WHAT NEEDS TO BE DONE: Although the records contain pictures, the copy should leave them out and match everything else exactly.

Start of Block

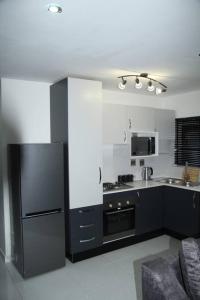 a kitchen with a black refrigerator and a sink at KT Space in Midrand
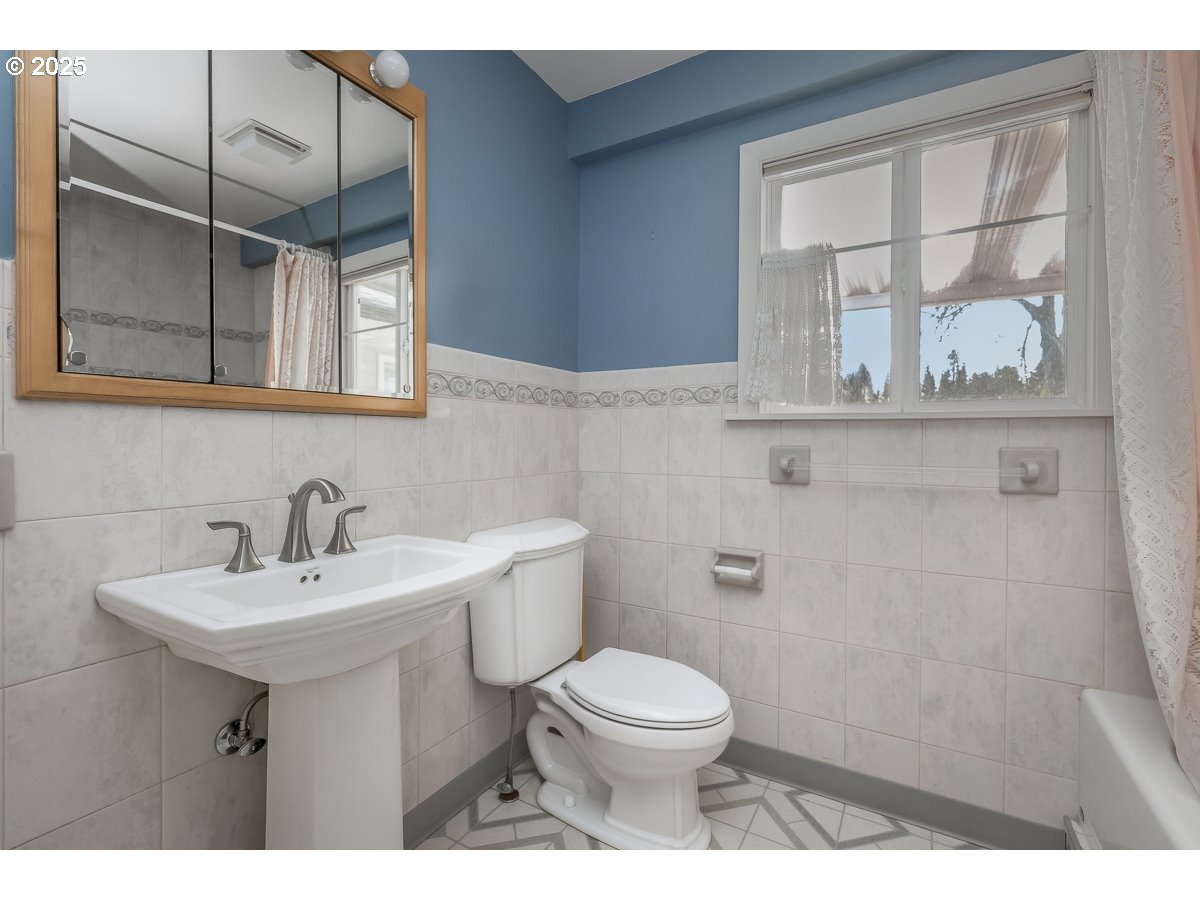23990 Southwest Tile Flat Road Hillsboro, OR 97123 - Photo 20 of 46 a bathroom with a sink a toilet and mirror
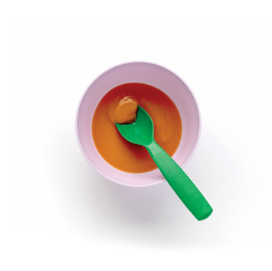 Baby food bowl with green spoon inside.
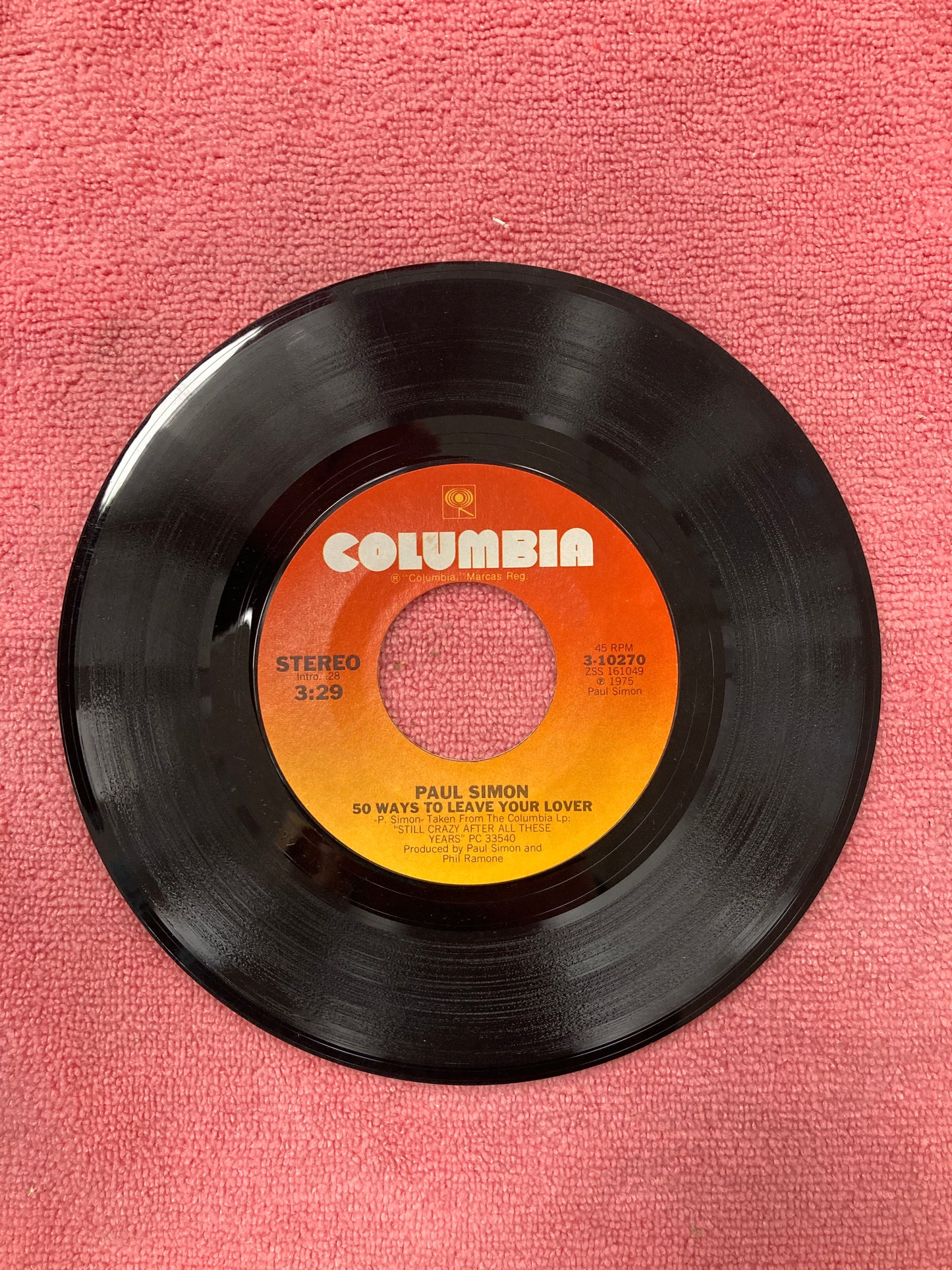 45 double sided record Paul Simon "50 ways to leave your lover" and "Some folks lives roll easy"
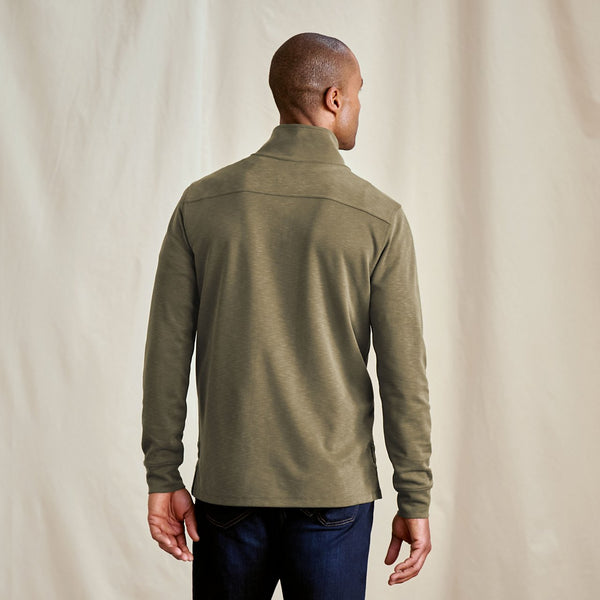Man wearing a green long-sleeve shirt against a beige background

End of Block

ANSWER SECTION:
 a kitchen with a black refrigerator and a sink at KT Space in Midrand
23990 Southwest Tile Flat Road Hillsboro, OR 97123 - Photo 20 of 46 a bathroom with a sink a toilet and mirror
 Baby food bowl with green spoon inside.
 45 double sided record Paul Simon "50 ways to leave your lover" and "Some folks lives roll easy"
Man wearing a green long-sleeve shirt against a beige background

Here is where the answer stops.